■ SOURCE MATERIAL ■
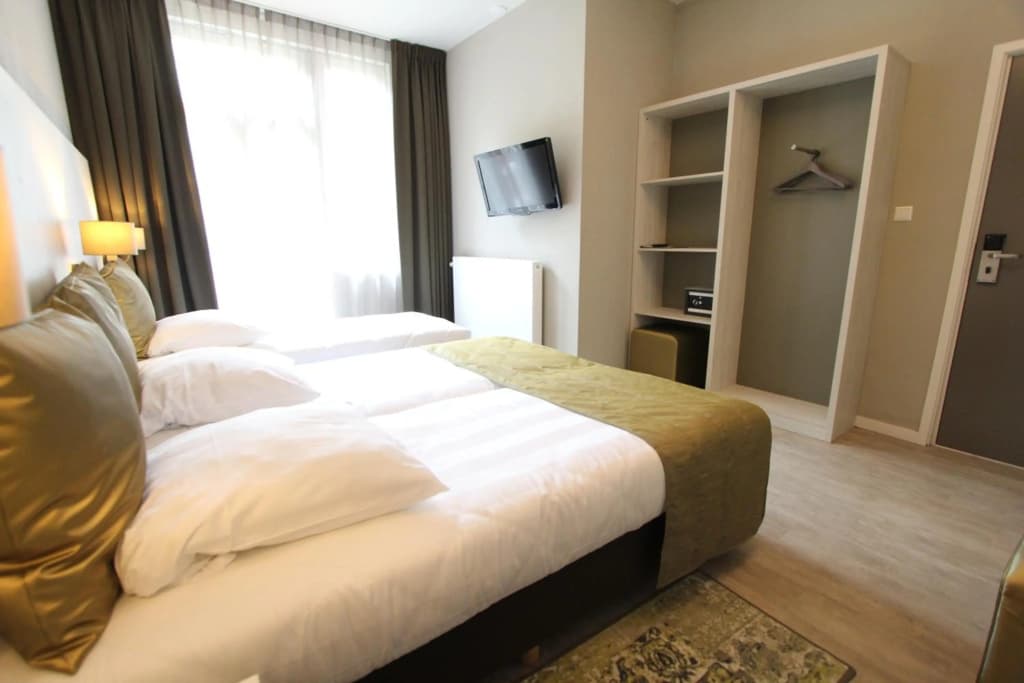 Apple Inn Hotel - photo 2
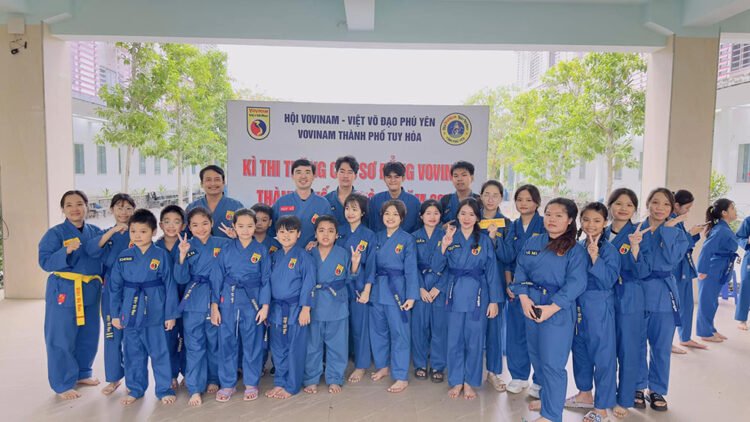CLB Vovinam TP Tuy Hòa - Hơn 100 võ sinh Vovinam đạt chuẩn nâng đai vovinam tuy hoa 2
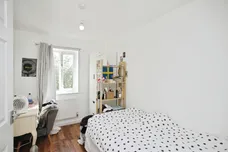 Deacon Close, Rugby
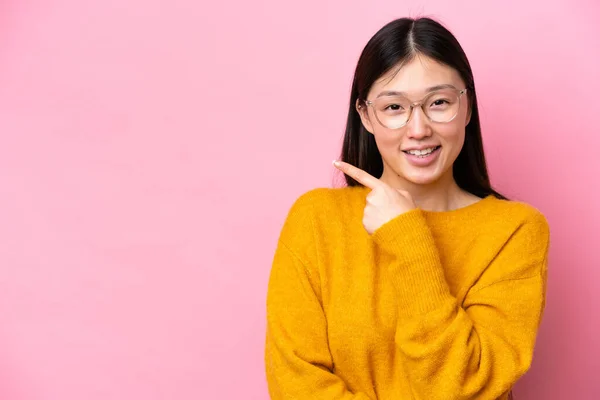 Fiatal Kínai Elszigetelt Rózsaszín Háttér Szemüveggel Mutató Oldalon — Stock Fotó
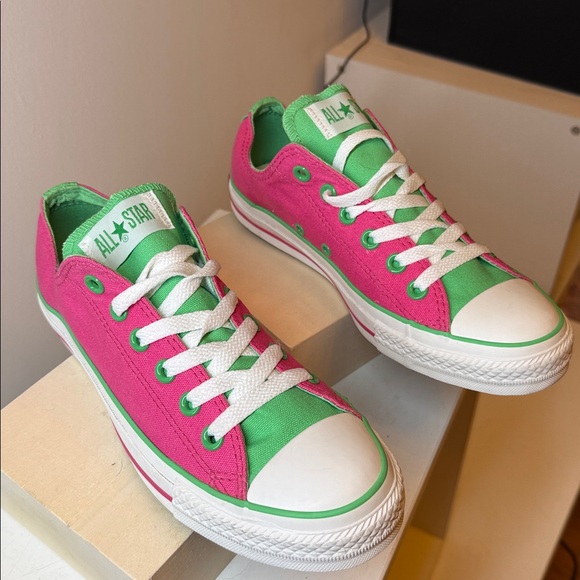 CONVERSE NEW LOW SNEAKERS IN PRETTY GREEN AND PINK. Women’s size 8 - Picture 9 of 16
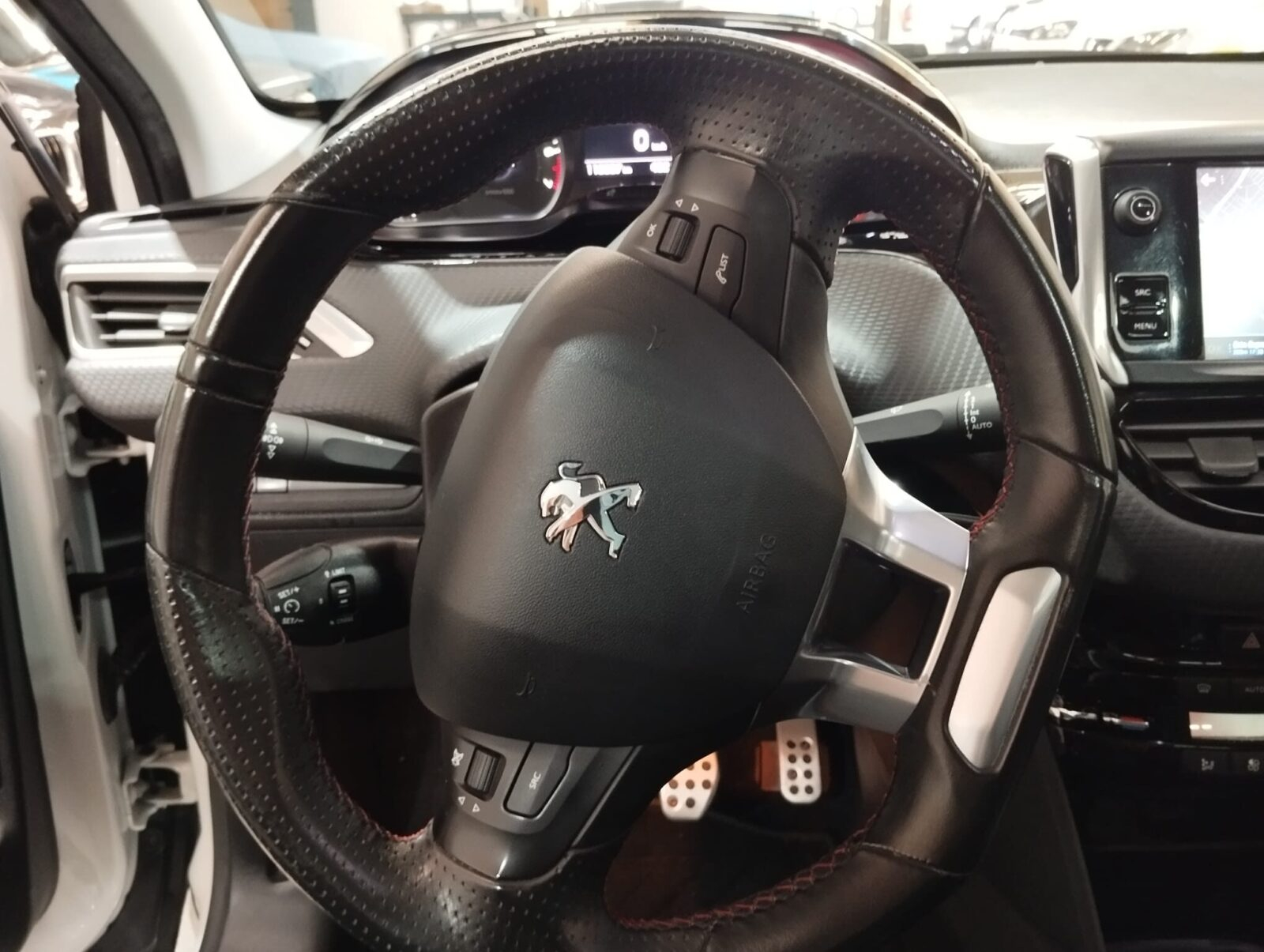 PEUGEOT 208 GTLine 1.2L PureTech 110CVSS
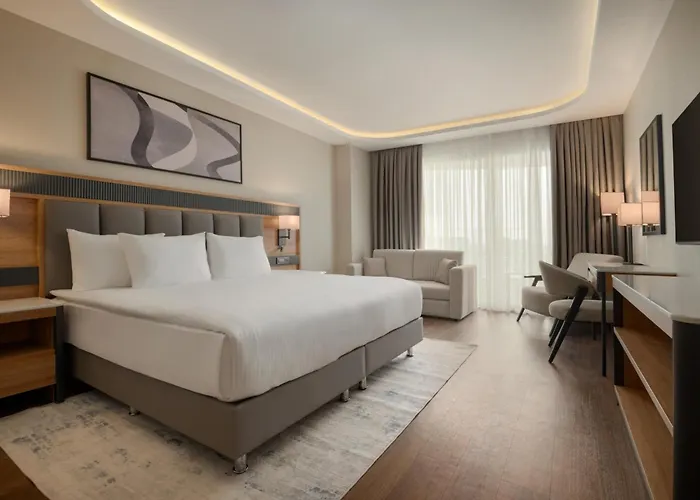 Azura World Hotel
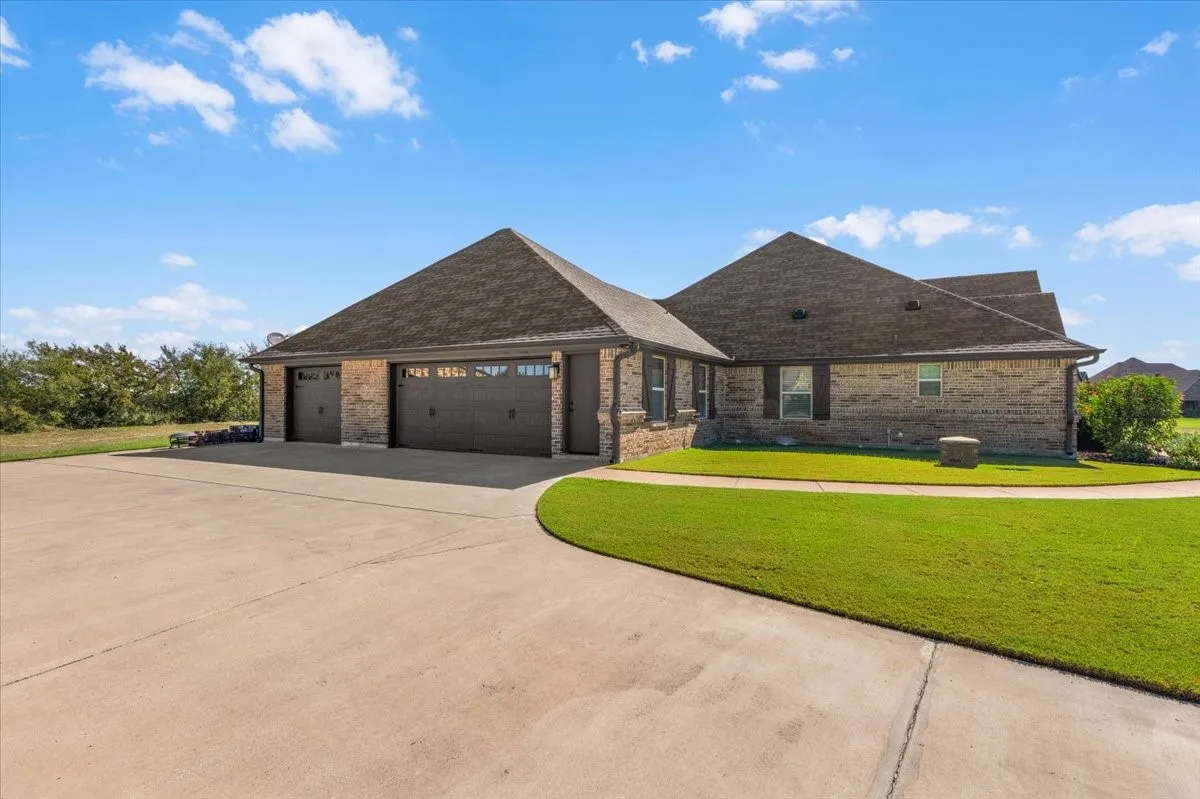 Single Family Residence For Sale in Parker County , 116 Rasha Drive, Azle, Texas 76020, 5 Bedroom, 3 Bathroom, 3 Garage spaces, 2,603 Sqft, built in 2016, mls#21406478, Real Estate Agent in Azle, Homes For Sale in Parker county, Homes For Sale in Azle, Realtor in Azle Texas, Real Estate Brokerage Independent Realty Texas, Luminita Cordes Realtor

■ TASK REQUIREMENTS ■
Begin at the line that contains "Fiatal Kínai Elszigetelt" and transcribe every line through the end of the listing, exactly as written. Omit the pictures.

■ ANSWER AREA ■
 Fiatal Kínai Elszigetelt Rózsaszín Háttér Szemüveggel Mutató Oldalon — Stock Fotó
 CONVERSE NEW LOW SNEAKERS IN PRETTY GREEN AND PINK. Women’s size 8 - Picture 9 of 16
 PEUGEOT 208 GTLine 1.2L PureTech 110CVSS
 Azura World Hotel
 Single Family Residence For Sale in Parker County , 116 Rasha Drive, Azle, Texas 76020, 5 Bedroom, 3 Bathroom, 3 Garage spaces, 2,603 Sqft, built in 2016, mls#21406478, Real Estate Agent in Azle, Homes For Sale in Parker county, Homes For Sale in Azle, Realtor in Azle Texas, Real Estate Brokerage Independent Realty Texas, Luminita Cordes Realtor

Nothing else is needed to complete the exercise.